● Records for processing:
-.-.-
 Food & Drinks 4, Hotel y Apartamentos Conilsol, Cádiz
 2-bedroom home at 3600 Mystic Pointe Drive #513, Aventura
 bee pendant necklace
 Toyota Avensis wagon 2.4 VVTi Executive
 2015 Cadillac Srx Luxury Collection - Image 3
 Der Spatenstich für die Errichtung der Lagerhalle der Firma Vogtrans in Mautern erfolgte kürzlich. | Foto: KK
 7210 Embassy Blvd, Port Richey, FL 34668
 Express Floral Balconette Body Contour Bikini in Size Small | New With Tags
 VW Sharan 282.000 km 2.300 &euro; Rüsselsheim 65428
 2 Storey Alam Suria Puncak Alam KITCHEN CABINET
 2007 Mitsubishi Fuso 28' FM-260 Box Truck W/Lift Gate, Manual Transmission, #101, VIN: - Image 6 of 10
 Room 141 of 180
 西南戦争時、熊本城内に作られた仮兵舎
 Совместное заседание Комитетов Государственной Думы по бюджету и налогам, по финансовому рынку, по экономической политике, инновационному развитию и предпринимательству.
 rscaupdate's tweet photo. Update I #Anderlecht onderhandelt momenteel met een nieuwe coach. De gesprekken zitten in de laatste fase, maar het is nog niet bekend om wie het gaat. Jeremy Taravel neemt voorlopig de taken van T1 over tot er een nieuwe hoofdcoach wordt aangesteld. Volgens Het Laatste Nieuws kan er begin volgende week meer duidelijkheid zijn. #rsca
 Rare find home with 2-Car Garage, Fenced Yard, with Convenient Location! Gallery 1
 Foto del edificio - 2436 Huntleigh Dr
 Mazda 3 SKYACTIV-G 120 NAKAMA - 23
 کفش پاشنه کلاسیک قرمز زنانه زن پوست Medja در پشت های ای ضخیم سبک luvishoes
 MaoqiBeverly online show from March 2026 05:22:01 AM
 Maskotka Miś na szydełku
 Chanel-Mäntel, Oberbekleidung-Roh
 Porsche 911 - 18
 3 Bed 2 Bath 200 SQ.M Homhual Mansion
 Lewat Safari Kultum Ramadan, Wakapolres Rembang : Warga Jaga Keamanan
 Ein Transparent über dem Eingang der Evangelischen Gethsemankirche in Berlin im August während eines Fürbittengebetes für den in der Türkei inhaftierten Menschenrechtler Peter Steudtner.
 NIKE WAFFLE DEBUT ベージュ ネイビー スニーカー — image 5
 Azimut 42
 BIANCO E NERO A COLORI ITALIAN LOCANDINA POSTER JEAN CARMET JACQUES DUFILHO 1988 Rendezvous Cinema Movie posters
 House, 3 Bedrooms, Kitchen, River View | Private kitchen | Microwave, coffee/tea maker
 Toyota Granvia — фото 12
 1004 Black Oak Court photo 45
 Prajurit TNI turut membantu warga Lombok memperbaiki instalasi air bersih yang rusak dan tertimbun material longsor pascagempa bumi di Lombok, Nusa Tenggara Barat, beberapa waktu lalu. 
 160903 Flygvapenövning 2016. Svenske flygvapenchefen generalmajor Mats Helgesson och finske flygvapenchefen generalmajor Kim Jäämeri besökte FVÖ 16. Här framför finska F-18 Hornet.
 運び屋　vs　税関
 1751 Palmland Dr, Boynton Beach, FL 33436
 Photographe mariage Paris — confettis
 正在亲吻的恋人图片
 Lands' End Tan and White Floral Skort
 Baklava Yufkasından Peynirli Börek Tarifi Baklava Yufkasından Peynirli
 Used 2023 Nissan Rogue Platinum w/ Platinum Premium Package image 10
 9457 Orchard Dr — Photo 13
-.-.-
● Task statement: Return, word for word, every line from the top of the entries down to the line that holds "西南戦争時、熊本城内に作られた仮兵舎", both included.

● Answer to the problem:
 Food & Drinks 4, Hotel y Apartamentos Conilsol, Cádiz
 2-bedroom home at 3600 Mystic Pointe Drive #513, Aventura
 bee pendant necklace
 Toyota Avensis wagon 2.4 VVTi Executive
 2015 Cadillac Srx Luxury Collection - Image 3
 Der Spatenstich für die Errichtung der Lagerhalle der Firma Vogtrans in Mautern erfolgte kürzlich. | Foto: KK
 7210 Embassy Blvd, Port Richey, FL 34668
 Express Floral Balconette Body Contour Bikini in Size Small | New With Tags
 VW Sharan 282.000 km 2.300 &euro; Rüsselsheim 65428
 2 Storey Alam Suria Puncak Alam KITCHEN CABINET
 2007 Mitsubishi Fuso 28' FM-260 Box Truck W/Lift Gate, Manual Transmission, #101, VIN: - Image 6 of 10
 Room 141 of 180
 西南戦争時、熊本城内に作られた仮兵舎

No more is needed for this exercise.